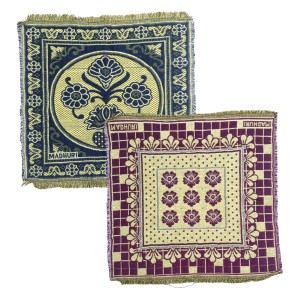 Hitech Sales Pure Cotton Puja Aasan Set Designer Prayer Mats for Puja, Meditation or Sitting on Floor & Multipurpose Use - Size 20 x 20 inch (Multicolor) (2)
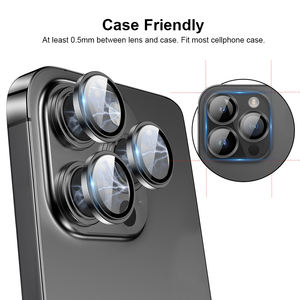 <span class=keywords><strong>Protector</strong></span> de Cristal Templado para <span class=keywords><strong>Cámara</strong></span> Trasera de <span class=keywords><strong>iPhone</strong></span> 17 Pro Max 16 Pro, Transparencia HD, Revestimiento AR, Cubierta de Lente Metálica a Prueba de Explosiones - Product Image 5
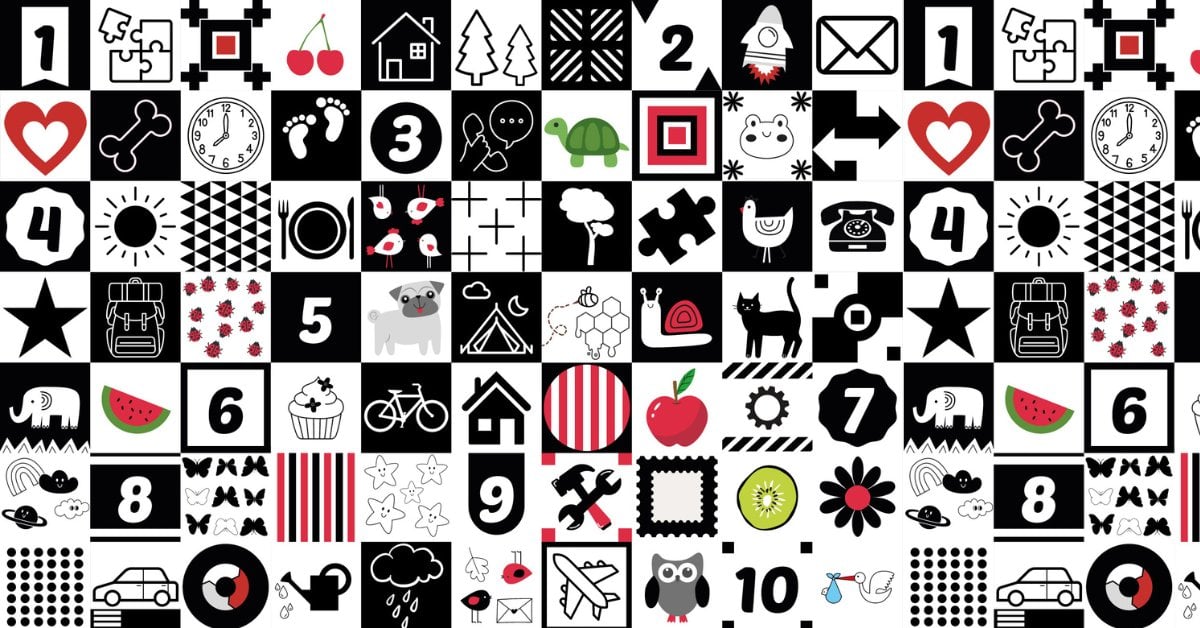 Edukacyjna dwustronna mata dla dzieci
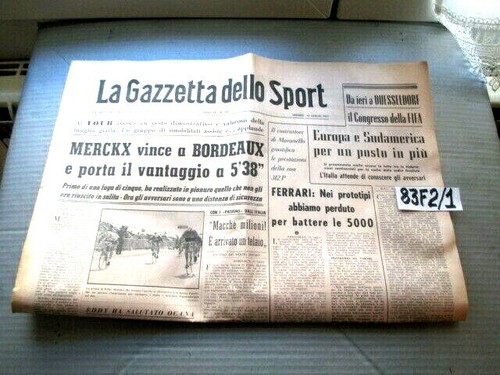 Gazzetta dello sport 1971 - gazzetta, 16-7-1971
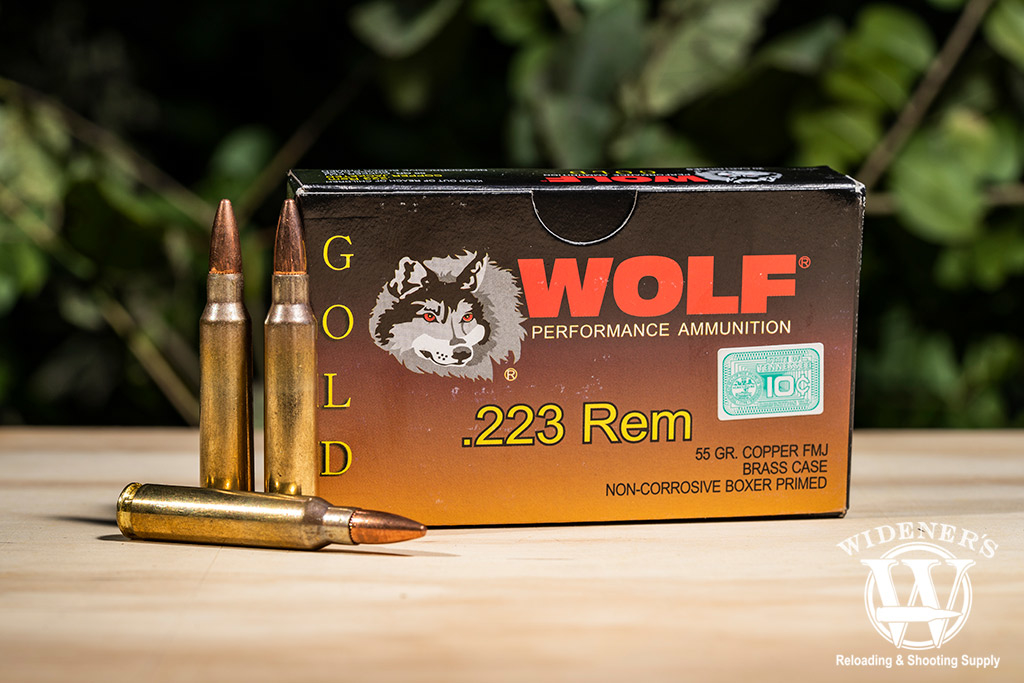 wolf gold 223 rem ammo 55 gr brass case fmj photo of wolf gold 223 rem ammo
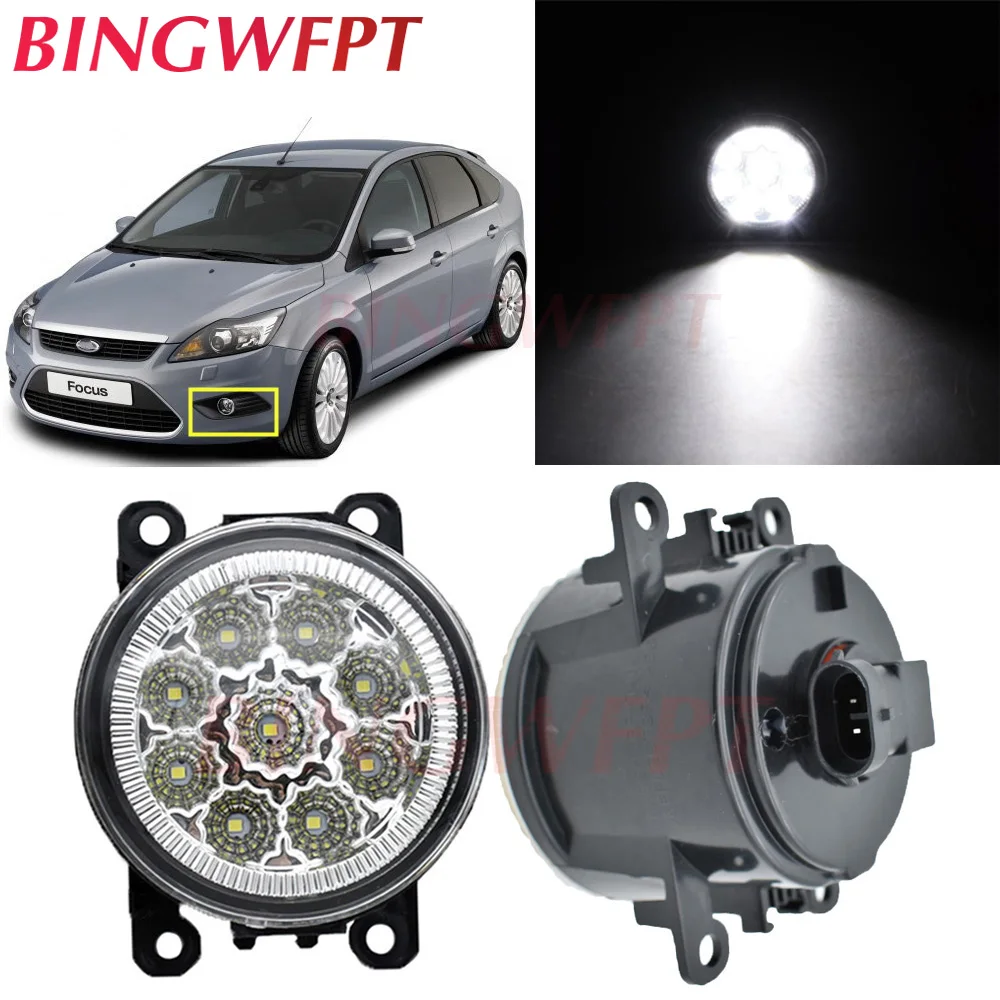 

2 шт./лот высококачественные светодиодные противотуманные фары для переднего бампера автомобиля Focus MK2 MK3 2004-2015 галогенные лампы для Ford EcoSport ...
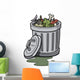 Vector Illustration Trash Can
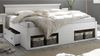 Furn. Design Bettgestell Hooge (Doppelbett in Pinie weiß gekälkt, Liegefläche 180 x 200 cm), inklusive 2x Bettschubkasten Bild 2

────────────────────────────────────────

The problem: Each line from the one containing "Edukacyjna dwustronna mata dla dzieci" through the last line of the listing is to be given again exactly, with no pictures and no other lines.

Exercise answer:
 Edukacyjna dwustronna mata dla dzieci
 Gazzetta dello sport 1971 - gazzetta, 16-7-1971
 wolf gold 223 rem ammo 55 gr brass case fmj photo of wolf gold 223 rem ammo

2 шт./лот высококачественные светодиодные противотуманные фары для переднего бампера автомобиля Focus MK2 MK3 2004-2015 галогенные лампы для Ford EcoSport ...
 Vector Illustration Trash Can
 Furn. Design Bettgestell Hooge (Doppelbett in Pinie weiß gekälkt, Liegefläche 180 x 200 cm), inklusive 2x Bettschubkasten Bild 2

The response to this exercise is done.